**REQUIRED WORK:**
Copy exactly, beginning with the line holding "Robusta Vs arabica: quali" and ending with the final line of the data beneath this task; copy nothing else, and leave out every picture.

**GIVEN INFORMATION:**
· · ·

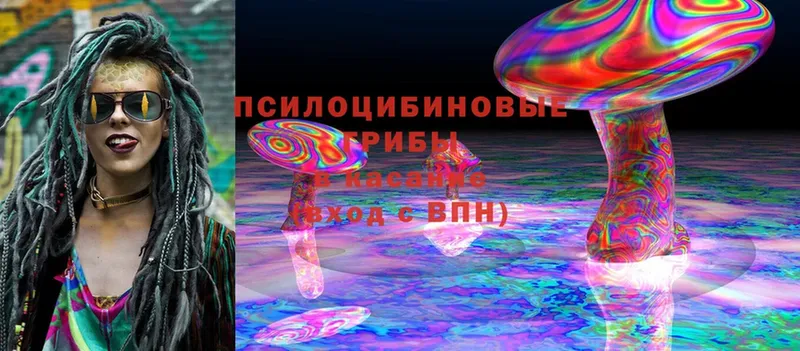 Псилоцибиновые грибы Cubensis  наркошоп  Анапа 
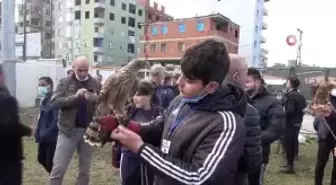 -Rize'nin atmacacılık kültürü 'Fetival' ile taçlandı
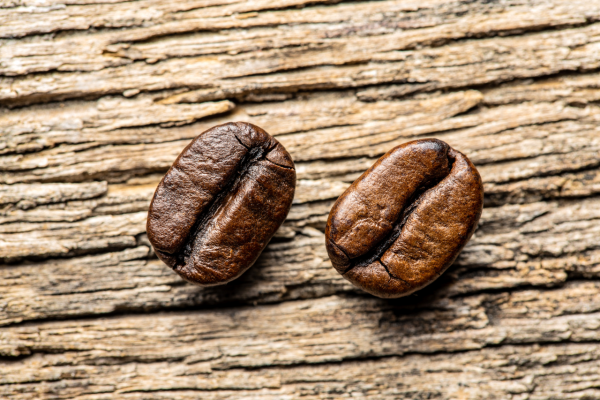 Robusta Vs arabica: quali sono le differenze?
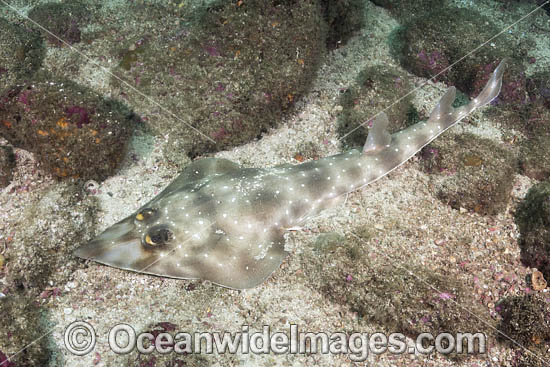 Gorgona Guitarfish photo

· · ·

**RESULT OF THE EXERCISE:**
 Robusta Vs arabica: quali sono le differenze?
 Gorgona Guitarfish photo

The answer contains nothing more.